Content starts

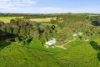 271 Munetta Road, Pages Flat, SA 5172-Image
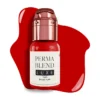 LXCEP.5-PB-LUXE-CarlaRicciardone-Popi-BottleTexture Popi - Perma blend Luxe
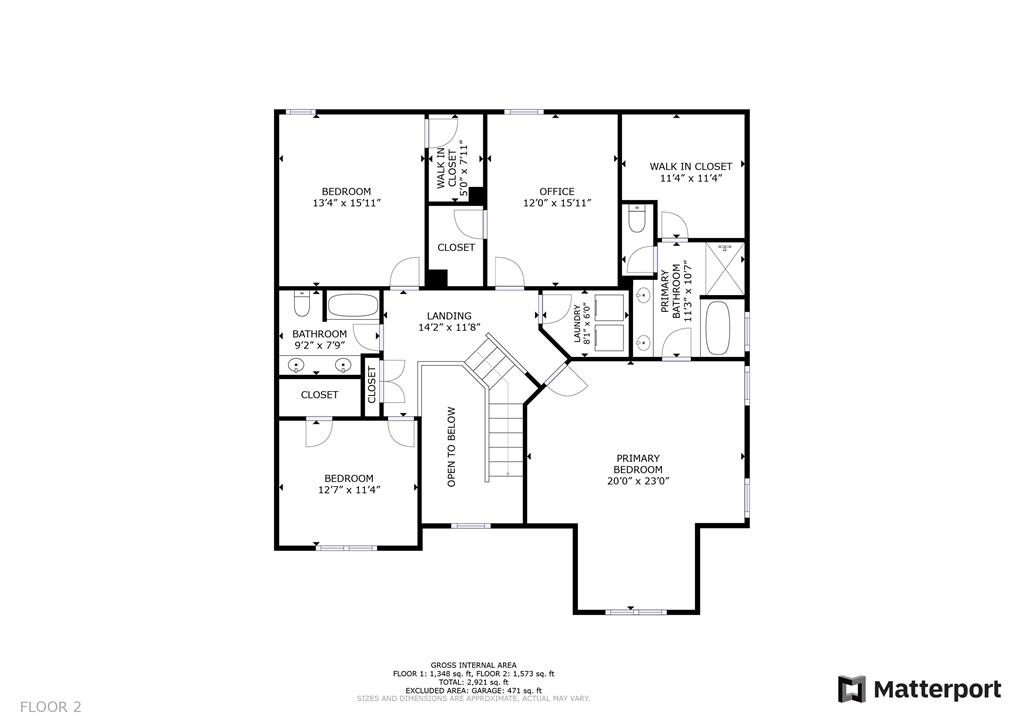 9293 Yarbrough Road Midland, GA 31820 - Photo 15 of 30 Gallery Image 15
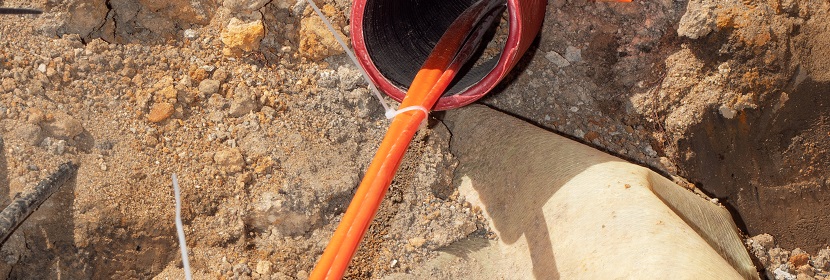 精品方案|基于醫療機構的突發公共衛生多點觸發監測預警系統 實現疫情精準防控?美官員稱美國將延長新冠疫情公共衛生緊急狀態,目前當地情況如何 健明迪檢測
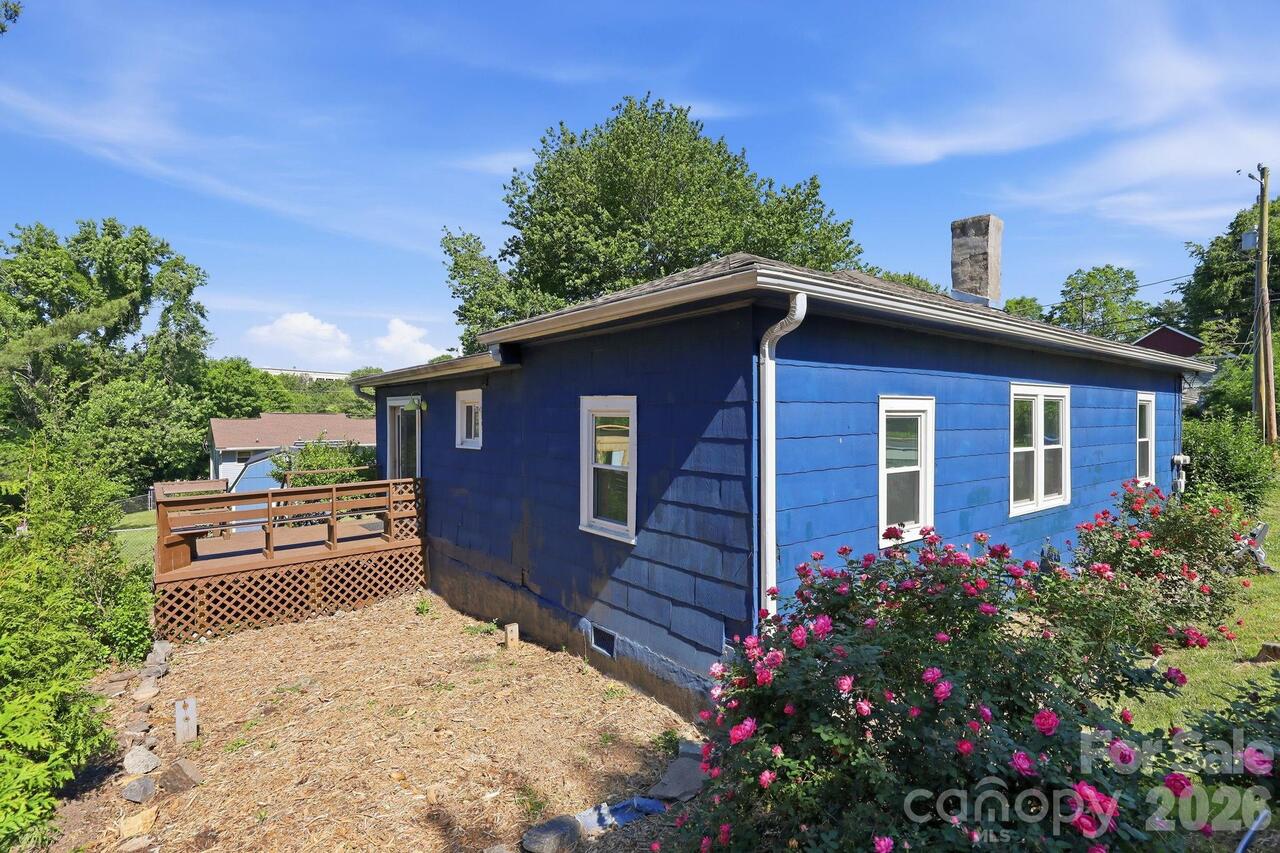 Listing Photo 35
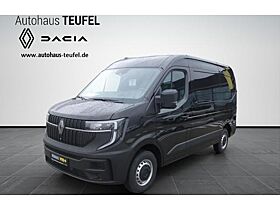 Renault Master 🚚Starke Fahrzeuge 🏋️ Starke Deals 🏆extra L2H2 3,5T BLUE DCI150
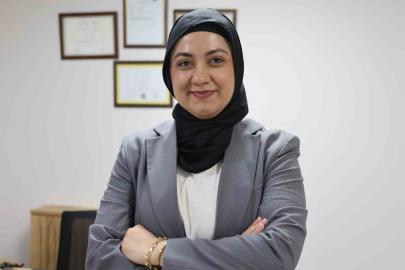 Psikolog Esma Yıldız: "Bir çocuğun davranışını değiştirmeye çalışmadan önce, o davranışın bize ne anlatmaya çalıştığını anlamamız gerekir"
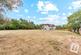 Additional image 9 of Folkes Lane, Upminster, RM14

Content ends
Content starts

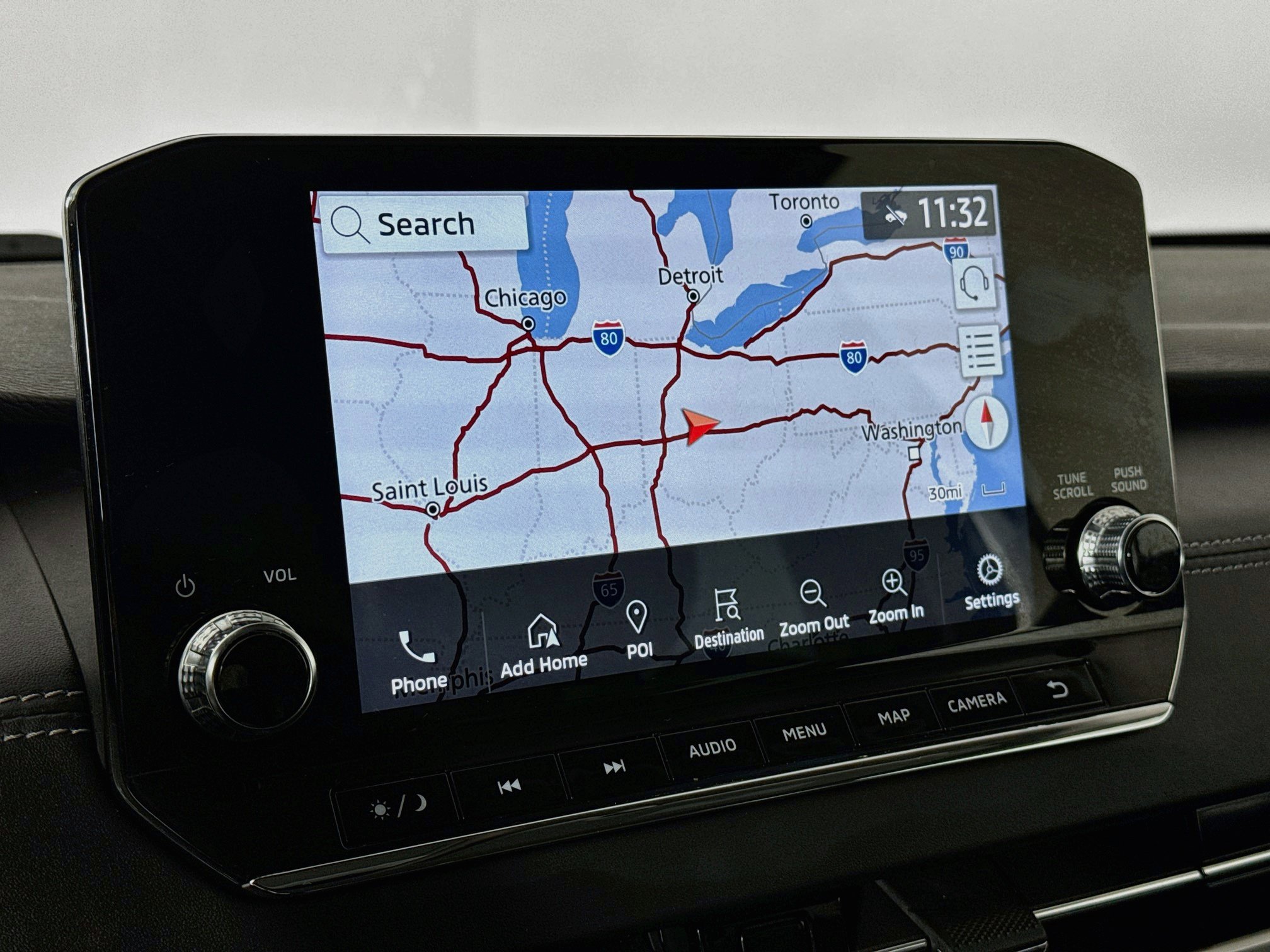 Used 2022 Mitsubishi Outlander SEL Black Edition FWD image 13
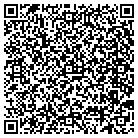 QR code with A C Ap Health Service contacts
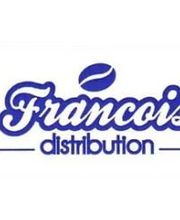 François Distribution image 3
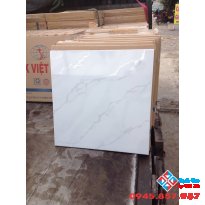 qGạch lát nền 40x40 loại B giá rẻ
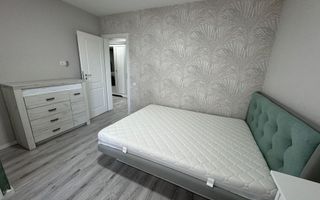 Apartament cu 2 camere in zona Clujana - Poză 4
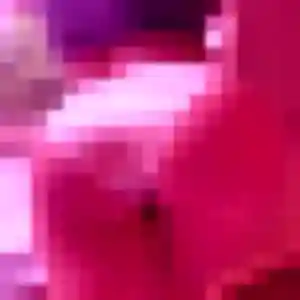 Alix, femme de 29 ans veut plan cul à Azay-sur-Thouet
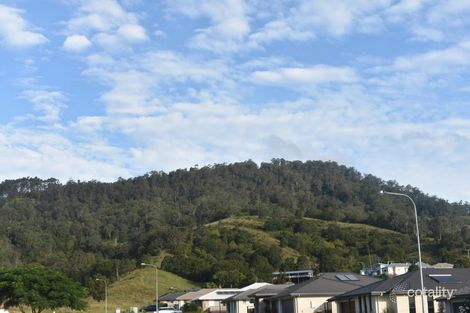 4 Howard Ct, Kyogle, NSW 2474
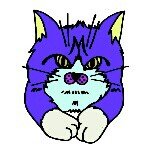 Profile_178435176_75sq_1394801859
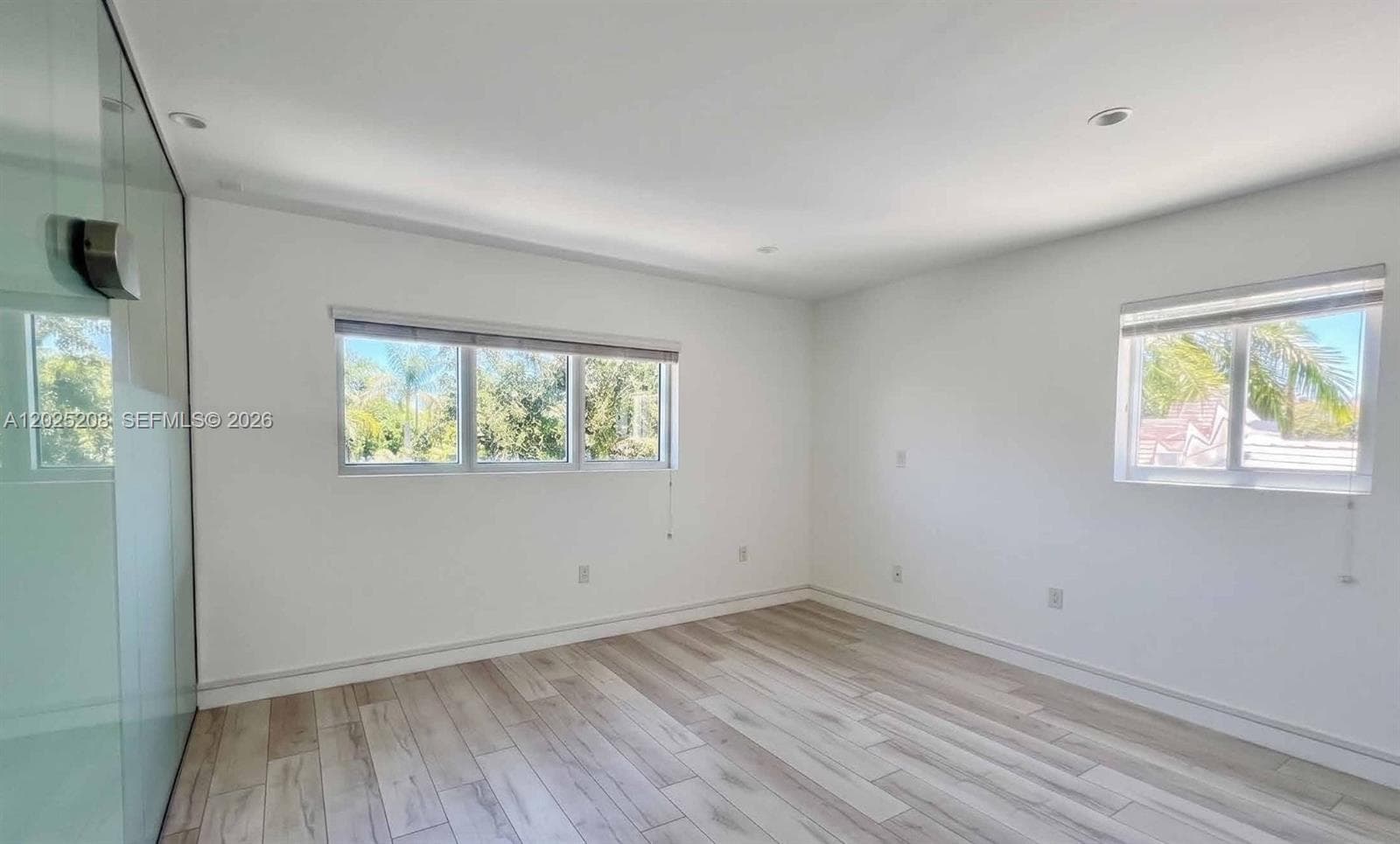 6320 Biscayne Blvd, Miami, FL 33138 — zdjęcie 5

Content ends

Copy the lines above exactly, starting with the line that contains "Used 2022 Mitsubishi" and ending with the line that contains "6320 Biscayne Blvd, Miami, FL", and leave out any pictures.

 Used 2022 Mitsubishi Outlander SEL Black Edition FWD image 13
 QR code with A C Ap Health Service contacts
 François Distribution image 3
 qGạch lát nền 40x40 loại B giá rẻ
 Apartament cu 2 camere in zona Clujana - Poză 4
 Alix, femme de 29 ans veut plan cul à Azay-sur-Thouet
 4 Howard Ct, Kyogle, NSW 2474
 Profile_178435176_75sq_1394801859
 6320 Biscayne Blvd, Miami, FL 33138 — zdjęcie 5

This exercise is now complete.